Dataset content:
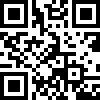 https://isna.ir/xdX6jJ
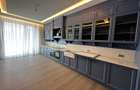 Penthouse Spatios si Rafinat pe Bulevardul Kiseleff - 1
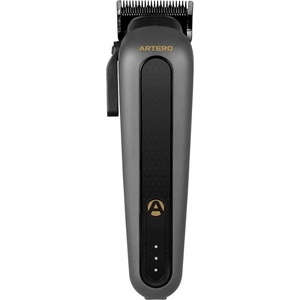 ARTERO Brooklyn M663/4/5 Машинки за подстригване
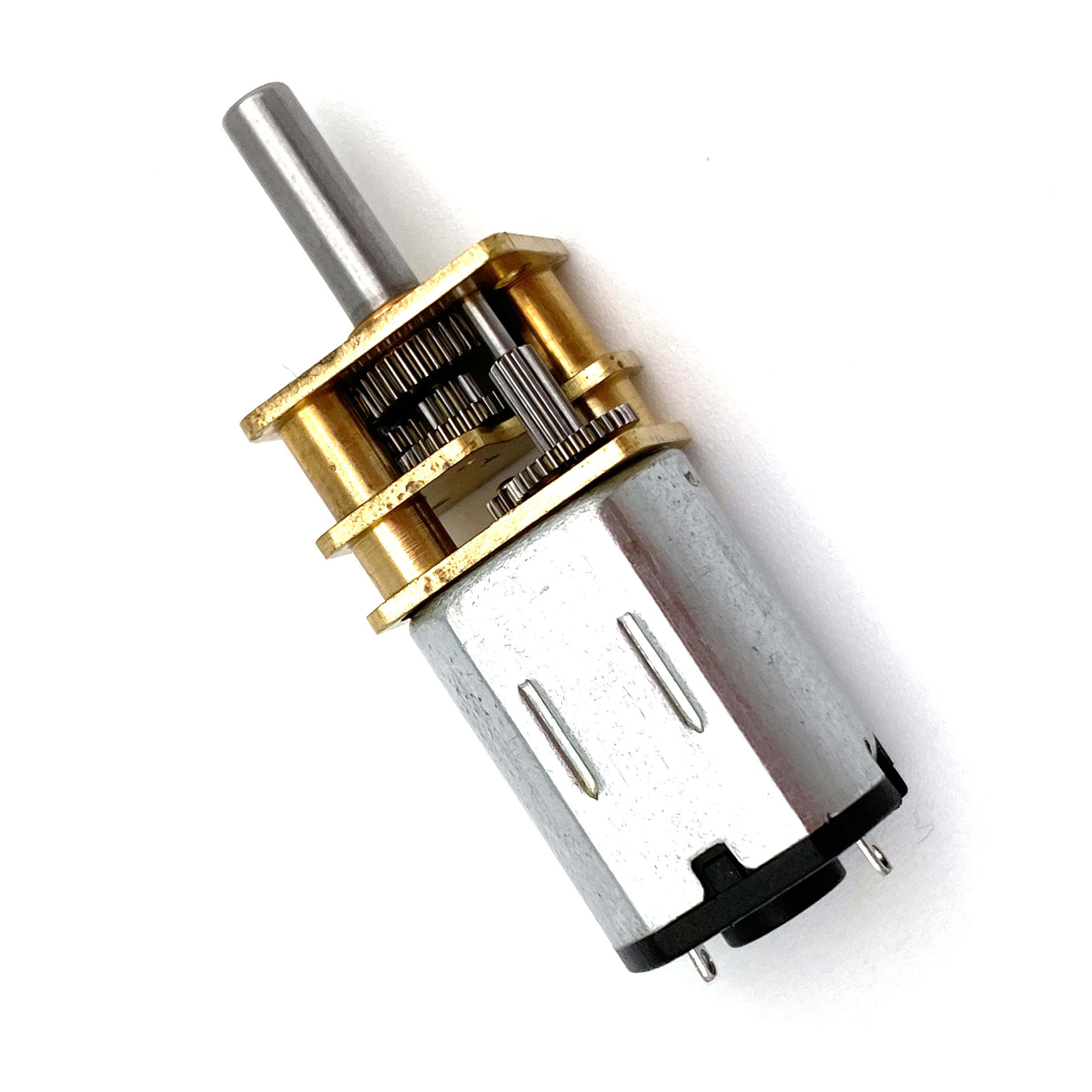 N20%20Dc%206v%20Gear%20Motor%2030-3000rpm%20Speed%20Gear%20Motor%20Mini%20Metal%20Electric%20Reduction%20Gear%20Motor%20For%20Car%20Robot%20Model%20Dc%20Motors%20-%20Image%202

Exercise goal: Transcribe the listing in full. Leave the pictures out.

Exercise response:
 https://isna.ir/xdX6jJ
 Penthouse Spatios si Rafinat pe Bulevardul Kiseleff - 1
 ARTERO Brooklyn M663/4/5 Машинки за подстригване
 N20%20Dc%206v%20Gear%20Motor%2030-3000rpm%20Speed%20Gear%20Motor%20Mini%20Metal%20Electric%20Reduction%20Gear%20Motor%20For%20Car%20Robot%20Model%20Dc%20Motors%20-%20Image%202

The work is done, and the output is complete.